After reviewing statements of candidate Trump, President Trump, and the president's spokesman and advisors, the Fourth Circuit found "that the reasonable observer would likely conclude that EO-2's primary purpose is to exclude persons from the United States on the basis of their religious beliefs,"37 and therefore concluded "EO-2 likely fails Lemon's purpose prong in violation of the Establishment Clause."38 Having reached this conclusion, the Fourth Circuit found that "Plaintiffs are likely to succeed on the merits of their Establishment Clause claim."39

In this decision, the Fourth Circuit improperly applied Supreme Court precedent in Kleindienst v. Mandel,40 as the dissent noted.41 In Mandel, the Court held:

[P]lenary congressional power to make policies and rules for exclusion of aliens has long been firmly established. ... We hold that when the Executive exercises this power negatively on the basis of a facially legitimate and bona fide reason, the courts will neither look behind the exercise of that discretion, nor test it by balancing its justification against the First Amendment interests of those who seek personal communication with the applicant. [Emphasis added.]42

EO-2 was both facially legitimate and facially bona fide. The clauses in subsection 1(e) of that executive order stated, with respect to each of the six affected countries "why their nationals continue to present heightened risks to the security of the United States."43 For example, with respect to Iran, EO-2 states:

Iran has been designated as a state sponsor of terrorism since 1984 and continues to support various terrorist groups, including Hizballah, Hamas, and terrorist groups in Iraq. Iran has also been linked to support for al-Qa'ida and has permitted al-Qa'ida to transport funds and fighters through Iran to Syria and South Asia. Iran does not cooperate with the United States in counterterrorism efforts.44

Subsequently, on September 24, 2017, President Trump issued Presidential Proclamation No. 9645, "Enhancing Vetting Capabilities and Processes for Detecting Attempted Entry into the United States By Terrorists or Other Public-Safety Threats" (EO-3).45 That proclamation, which succeeded EO-2, indefinitely suspended the entry of some or all immigrants and/or nonimmigrants from eight countries: Chad, Iran, Libya, North Korea, Somalia, Syria, Venezuela, and Yemen.46 These restrictions apply only to nationals of those countries who are outside of the United States and who do not have a valid travel document.47

Those designations resulted from the report required by EO-2. That report established a "baseline" for the types of information required to determine whether a foreign national should be allowed to enter the United States. The baseline consisted of three categories of criteria relevant to the ability of the United States "to confirm the identity of individuals seeking entry ... and ... assess whether they are a security or public-safety threat."48

The first category is "identity-management information", which "focuses on the integrity of documents required for travel to the United States."49 Its purpose is to determine whether applicants for immigration benefits are who they claim to be.

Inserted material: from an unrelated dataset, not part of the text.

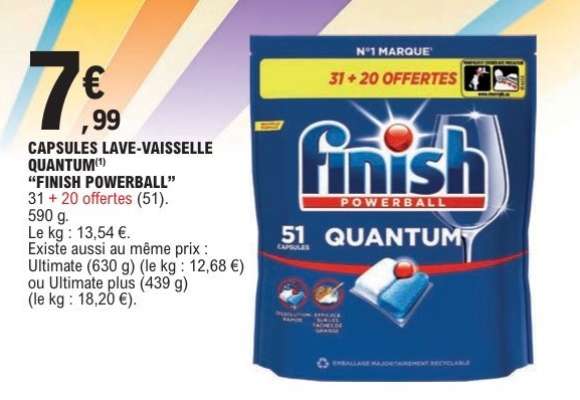 CAPSULES LAVE-VAISSELLE QUANTUM
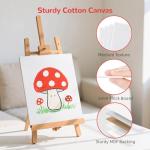 BAKEYBA 48 Pack Small Canvas Boards for Painting 5x7, 8x10 Inch (24pc of Each) Flat Canvas Panels for Kids- 100% Cotton for Acrylic Watercolor Paint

The second category is "national security and public-safety information".50 This category focuses on whether the country in question provides criminal and terrorist information to the United States about individuals seeking entry upon request, and whether it provides exemplars of travel documents.

The third category is "national security and public-safety risk assessment".51 This category is broader, and focuses on "whether the country is a known or potential terrorist safe haven" and whether it accepts its returned nationals.

Such information is fundamental to the integrity of the immigration system. Simply put, to grant a visa to an individual, the United States must be able identify who that person is and whether he or she specifically poses a national security risk, as well as whether the home country of that individual has interests inimical to the United States, and will accept its nationals if they are deported.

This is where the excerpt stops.